Белинский также тесно связывал, особенно на раннем этапе, освобождение народа с его просвещением. Но затем, видя нарастающее возмущение крестьянства, он начинал понимать, что одним просветительством обойтись нельзя. Если крепостное право не будет отменено, то для дворянства могут возникнуть в сто раз большие неприятности. Смешно думать, считал он, что новое переустройство общества может сделаться само собой, без насильственного переворота, без крови. Терпение крестьян при всей неразвитости народного сознания, а возможно, и благодаря этому, может иссякнуть. Дело может дойти до крайности. Он четко осознавал, что нарастающее крестьянское движение принудит правительство из страха перед народным восстанием отменить крепостное право, или вопрос «решится сам собой, другим образом, в 1000 раз более неприятным для русского дворянства»[62]. Отсюда и его восторг методами борьбы французских якобинцев и признание неизбежным «крови тысячей». Только революционное насилие положит конец «унижениям и страданиям миллионов». И когда русский народ покончит с этим унижением и страданием, то его ожидает великое будущее: «Завидую внукам и правнукам нашим, которым суждено видеть Россию в 1940 году — стоящую во главе образованного мира, дающей законы и науке, и искусству и принимающую благоговейную дань уважения от всего просвещенного человечества»[63].

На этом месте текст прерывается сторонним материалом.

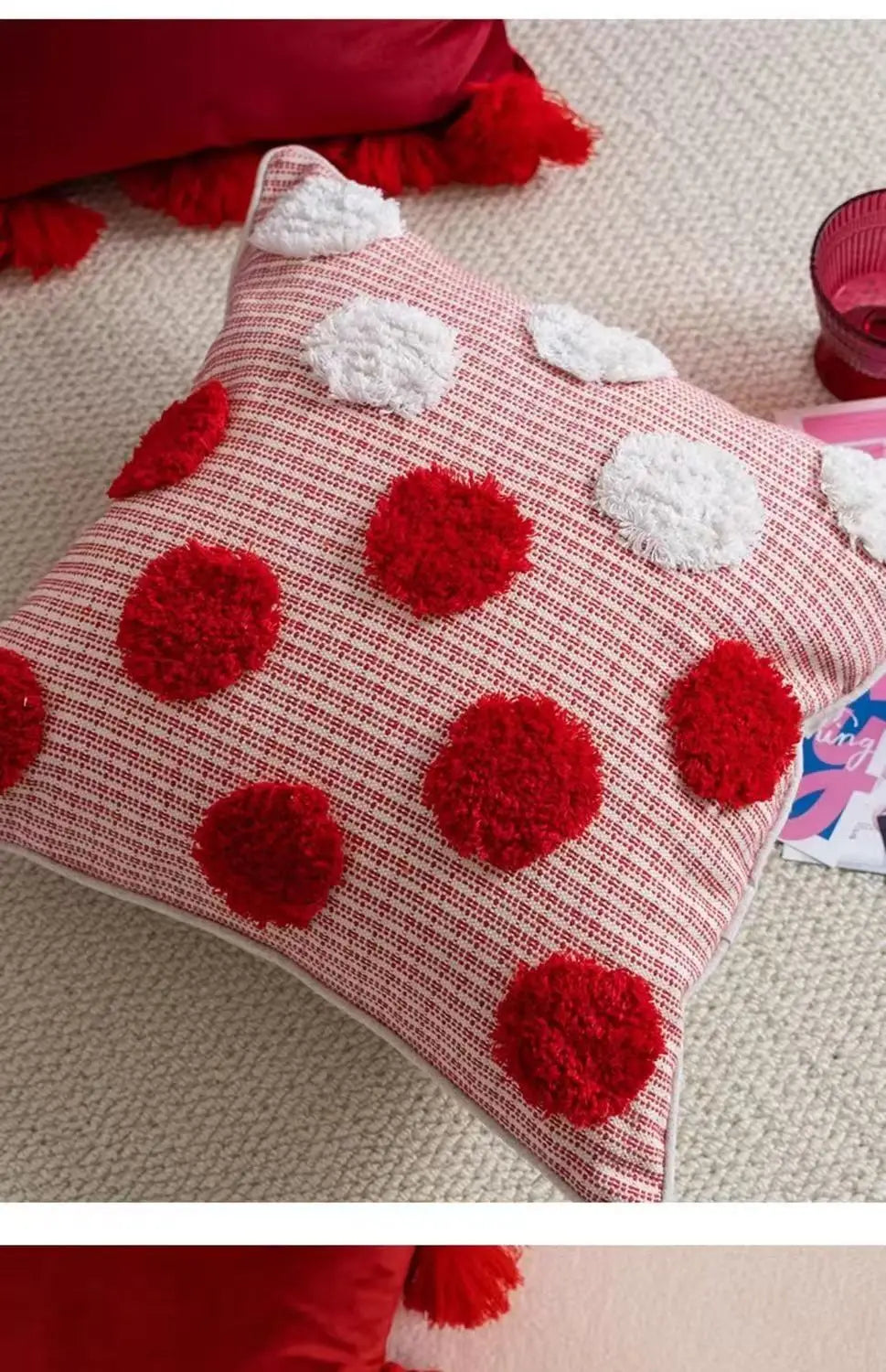 Modern Red Festive Cushion Cover Christmas Party Pillow Cover Decorative Polka Dot Tufted Tassel Velvet Pillowcase Home Decor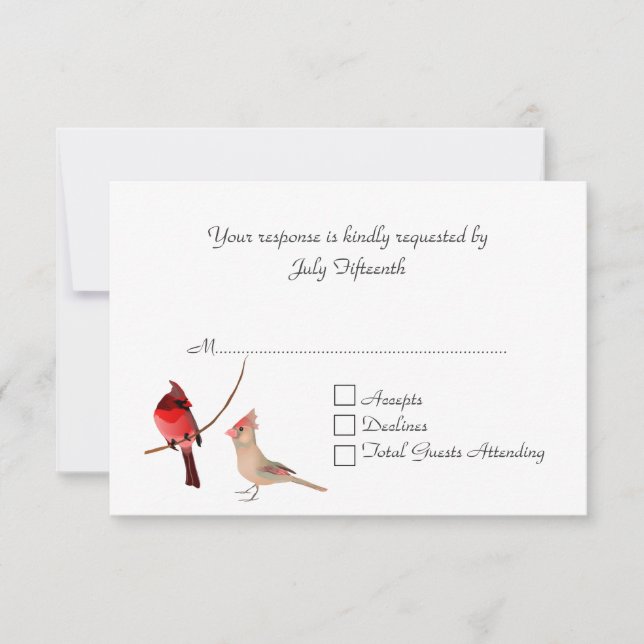 Elegante tarjeta RSVP de boda de cardenales rojos (Anverso)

Подробно изложены в нашей литературе взгляды Герцена на народ. В дореформенное время он, глубоко сочувствуя народу, не надеялся, что народ сам сможет свергнуть крепостничество. В пятидесятые годы он писал: «Правовая необеспеченность, искони тяготевшая над народом, была для него своего рода школой. Вопиющая несправедливость одной половины его законов научила его ненавидеть и другую; он подчиняется им как силе. Полное неравенство перед судом убило в нем всякое уважение к законности. Русский, какого бы звания он ни был, обходит и нарушает закон всюду, где это можно сделать безнаказанно, и совершенно также поступает и правительство». Считая это печальным, тяжелым явлением настоящего, Герцен усматривает в этом и известное преимущество, ибо государство становится ненавистно народу. Один из авторов «Вех» Кистяковский писал, что эта мысль не принадлежит лично Герцену, а всему кружку людей сороковых годов и главным образом славянофильской группе их. «В слабости внешних правовых норм и даже полном отсутствии внешнего правопорядка в русской общественной жизни они усматривали положительную, а не отрицательную сторону»[64].

В 1851 г. Герцен исходил из того, что народ есть произведение природы и к нему неприменимы этические категории. Народ нельзя назвать ни дурным, ни хорошим. В народе всегда выражается истина, жизнь его не может быть ложью. Природа производит лишь то, что осуществимо при данных условиях. «Нет народа, взошедшего в историю, которого можно было бы считать стадом животных, как нет народа, заслуживающегося именоваться сонмом избранных»[65]. Говоря о русском крестьянине, он напоминает о его отвращении к личной поземельной собственности, о его беззаботной и ленивой природе, но при этом «уже двести лет как все его существование стало глухою, отрицательною оппозицией против существующего порядка вещей. Он покоряется притеснению, он терпит, но непричастен ничему, что происходит вне сельской общины»[66]. У русского крестьянина нет нравственности, кроме вытекающей инстинктивно из сути его общинного образа жизни, или, как говорит Герцен, из коммунизма. И эта нравственность глубоко народная, т. е., согласно представлениям Герцена, она истинна и по сути своей не может быть ложной.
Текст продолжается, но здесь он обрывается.